▶ Problem description: Copy the final lines exactly, starting at the one that contains "Cat Dad Beer Please Black Cat Tee" and ending with the last line of the listing below. Pictures are not part of the copy.

▶ Dataset excerpt:

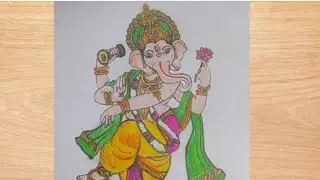 Ganesh chaturthi special drawing | How to draw lord Ganesha | Shree Ganesh drawing for beginners
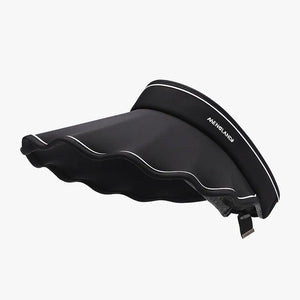 Black scalloped brim sun visor with white trim and adjustable strap.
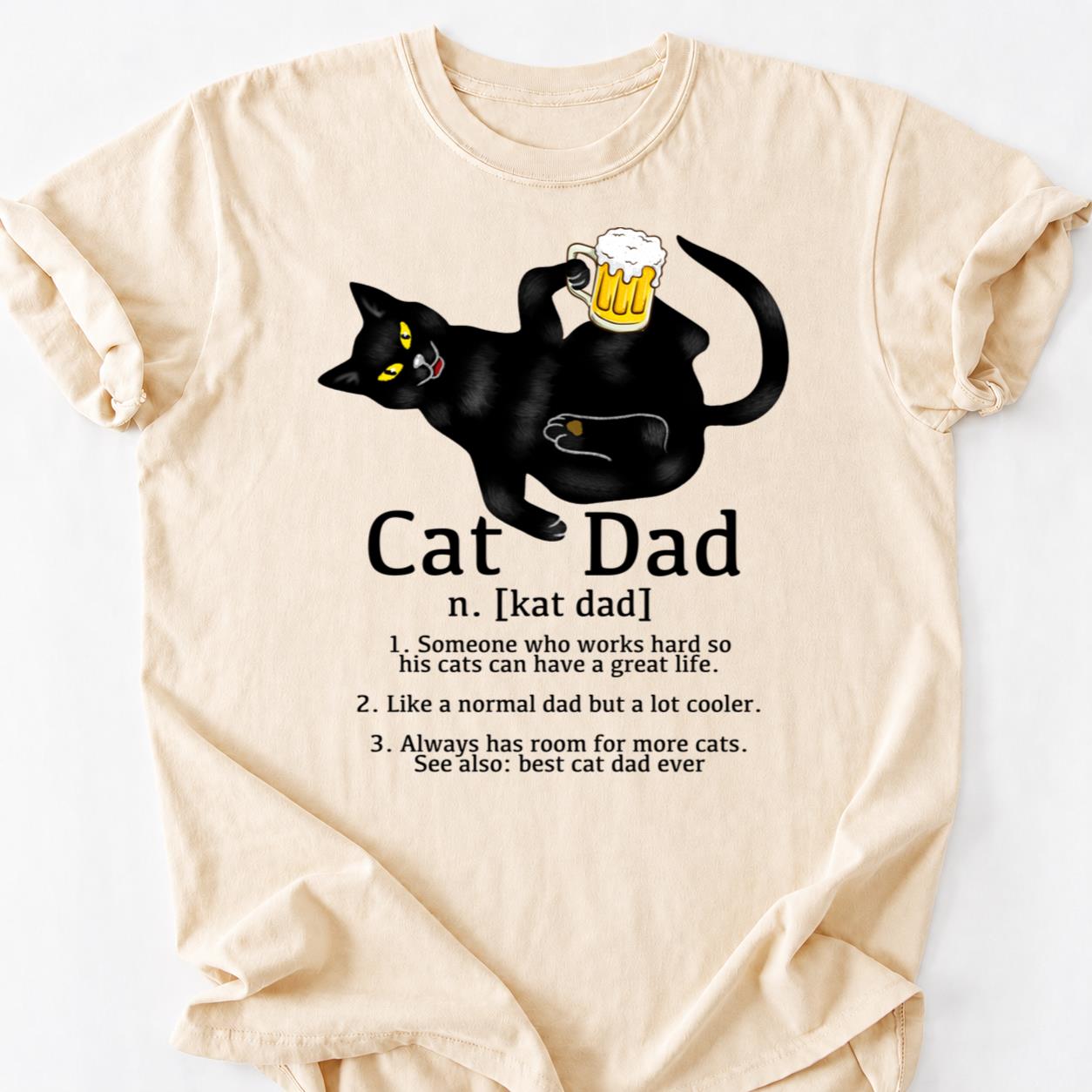 Cat Dad Beer Please Black Cat Tee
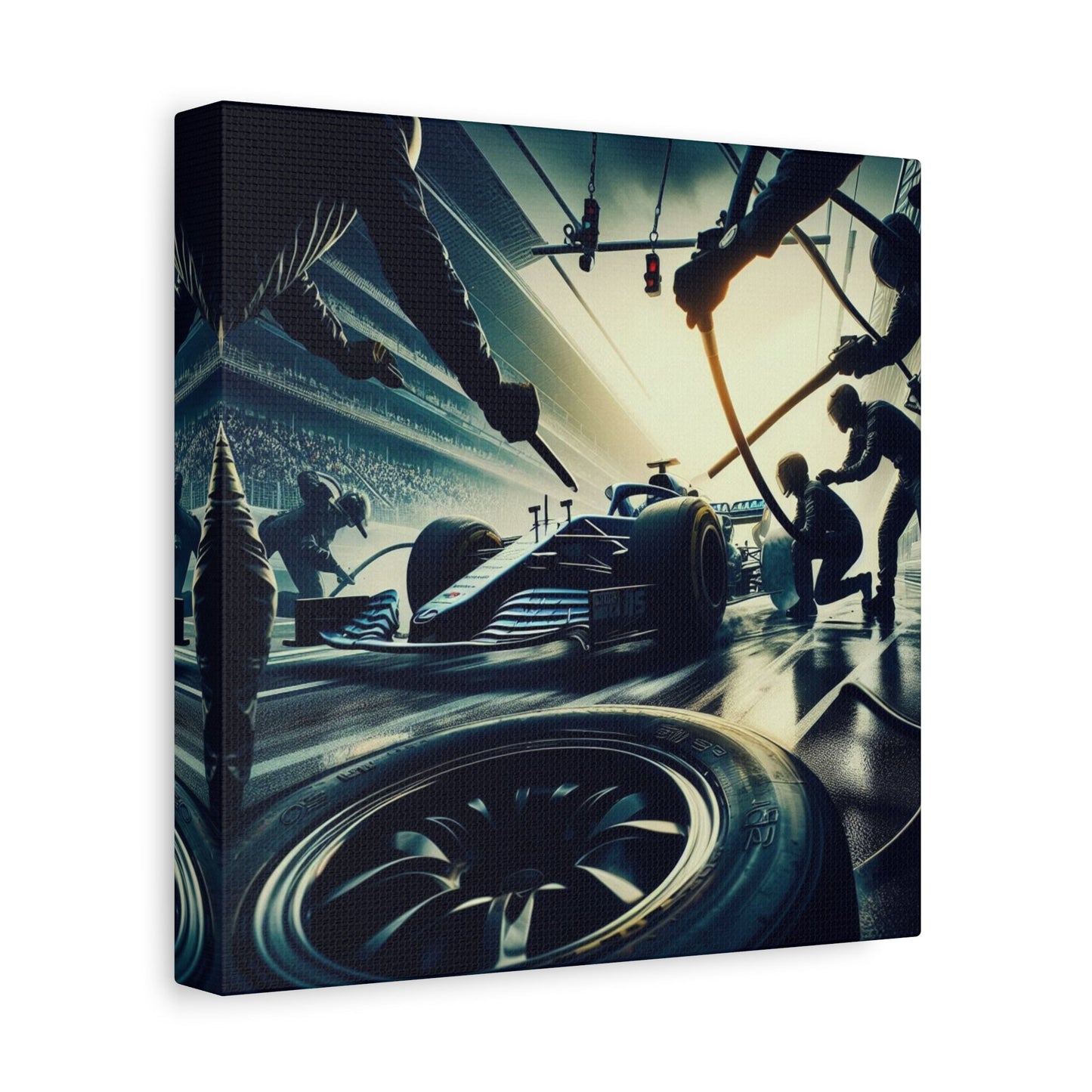 🏁 Pit Stop Precision Canvas Print – Formula 1 Teamwork Art | Motorsport Wall Decor - BTS Canvas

▶ Completed exercise:
 Cat Dad Beer Please Black Cat Tee
 🏁 Pit Stop Precision Canvas Print – Formula 1 Teamwork Art | Motorsport Wall Decor - BTS Canvas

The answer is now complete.